Marking a third consecutive day of major swings, the S&P 500 Index (^GSPC 1.26%) slid 1.4% Wednesday, largely because of results from a singular, $1.1 billion company that triggered a sort of domino effect in the markets. However, today's three worst stocks all slipped far more than 1.4%, for various reasons.

Aerospace and defense company Textron (TXT 0.26%) was easily the most beleaguered in the 500 stock index, losing 13.4% of its value in trading today. An extremely bleak earnings report was to blame: it seems business jets just aren't as popular as they once were! Euphemistically, this is known as a "soft" market, in the words of Textron's CEO. A more than 550% increase from recent average trading volume shows that shareholders fled from the stock en masse.

Teradyne (TER 2.60%), a test equipment and semiconductor producer, slipped 6.1% as technology companies made for some of the worst performers of the day, declining 2.4% as a sector. The stock's woes today weren't much helped by the negative momentum it's had in the last month, when Teradyne saw more than 12% declines; the first-quarter earnings announcement is set for next Wednesday. Though Teradyne's slide shouldn't be overlooked, the most notable laggard of the day is yet to come.

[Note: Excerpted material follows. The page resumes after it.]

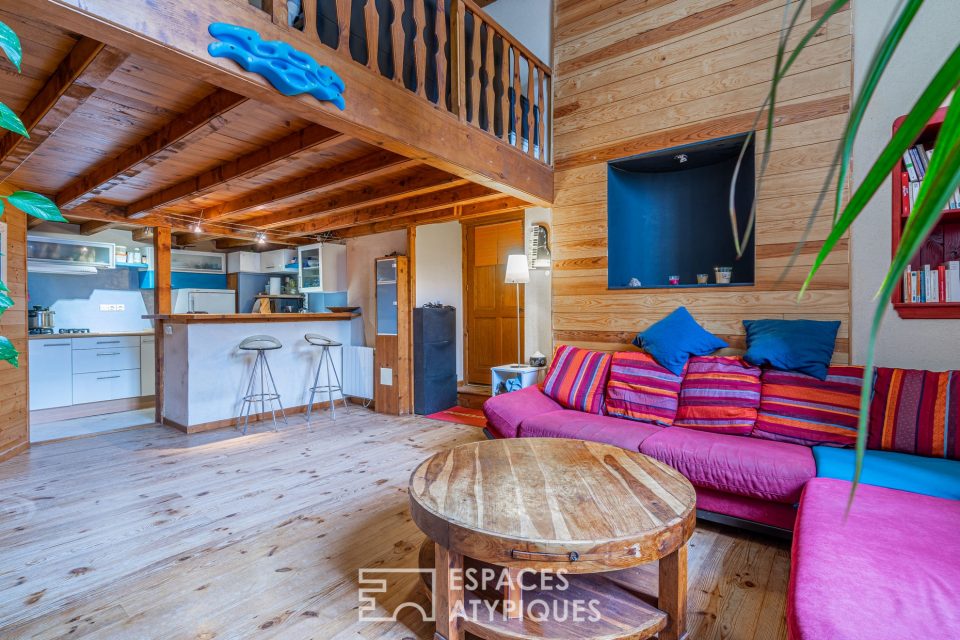 38410 URIAGE - Appartement de charme avec mezzanine - Réf. 542EAG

Apple's (AAPL 5.98%) stock not only stumbled 5.5%, but it dragged technology and much of the broader market down with it. All of this because a supplier of the megacompany, Cirrus Logic, reported underwhelming forecasts of its own. Though Cirrus has a market cap just over $1.1 billion, its forecasts can be considered a predictor of demand for Apple products, and its $150 million-$170 million revenue projections for the second quarter sent investors scampering for the exits; Wall Street had projected $190 million in sales for the quarter.